Monday, May 21, 2007

Are Saudis setting up a monopoly by Buying GE Plastics?






Forbes

Saudis Buying GE Plastics
Parmy Olson
May 18 2007

General Electric

LONDON - General Electric is set to sell its plastics division to Saudi Basic Industries, Saudi Arabia's largest industrial firm, an official source told Forbes.com on Friday. GE Plastics had originally been expected to sell for around $10 billion, but reports say the unit could fetch as much as $11 billion. A source close to the situation would not confirm the transaction's value but said the deal would be announced Monday.

SABIC is one of the world's largest makers of polyethylene and polypropylene, materials that are heavily used in consumer products like plastic grocery bags, packaging and bottles. Its first-quarter profits jumped 50% to $1.7 billion, and it saw revenues of $23 billion last year.

The company is 70% owned by the Saudi government and 30% owned by private investors in the Middle East. One cost advantage it has over competitors like Shell Chemicals, Exxon Mobil Chemical and Basell Holdings is the relative ease with which it can get access to cheap and abundant supplies of oil and natural gas in the region.

Its close proximity to fast-growing China and India, where demand for industrial materials is booming, also gives it the upper hand on transport costs.

SABIC in acquiring GE Plastics is apparently setting the stage for more ties to China and India, and is investing in petro chemical and plastics industries there. This will set China up for the increasing use of plastics in automobile manufacture etc., while giving Saudi Arabia a means of using their main resource (oil) for manufacturing their own raw plastics.

This looks like a win win situation for Saudi Arabia and China, but not so good for the US. We will be paying more for oil and plastics both, while trying to put more energy effecient automobiles and trucks on the market. They have allready been invented many years ago, and our Corporate Government will be forced to put them on the market, but if we don't get on track, we'll be buying them from Japan and China.

Sabic plans $1bn China petrochem investment

19th May 2007

BEIJING: Saudi Basic Industries Corporation (Sabic), the world's largest petrochemical firm by market value, may invest just over $1 billion in a petrochemical plant in China, a senior industry source said yesterday.

The deal, likely to be finalised in days, will mark a breakthrough for international companies seeking a foothold in China's fast expanding petrochemical market as it comes at a time when Beijing appeared to be shifting to self-reliance in building the booming sector.

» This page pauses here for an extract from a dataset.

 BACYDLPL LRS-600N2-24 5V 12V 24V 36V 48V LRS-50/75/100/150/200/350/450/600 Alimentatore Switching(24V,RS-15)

Under the pact Sabic would join its Chinese partner, state-run Sinopec Corporation in building a one million tonne a year naphtha cracker to produce ethylene, a key building block for petrochemicals, in the northern city of Tianjin, the source said.

Sabic would also own a 50 per cent stake in two production lines of polyethylene - raw material for plastics - and one mono ethylene glycol facility, an intermediate for chemical fibre, with total investment worth some $500 million, the source said.


From fuel tanks to wire harness and from instrument panels to exciting new molded windshields, virtually every current and developmental plastic component
for vehicles will be represented by technologies at
NPE 2006: The International Plastics Showcase.

1 comment:

  1. Hey Geezer!

    Where have you been?

    This is an excellent story! Are you gonna post it on my blog? ;)

    How come your blogger profile is gone?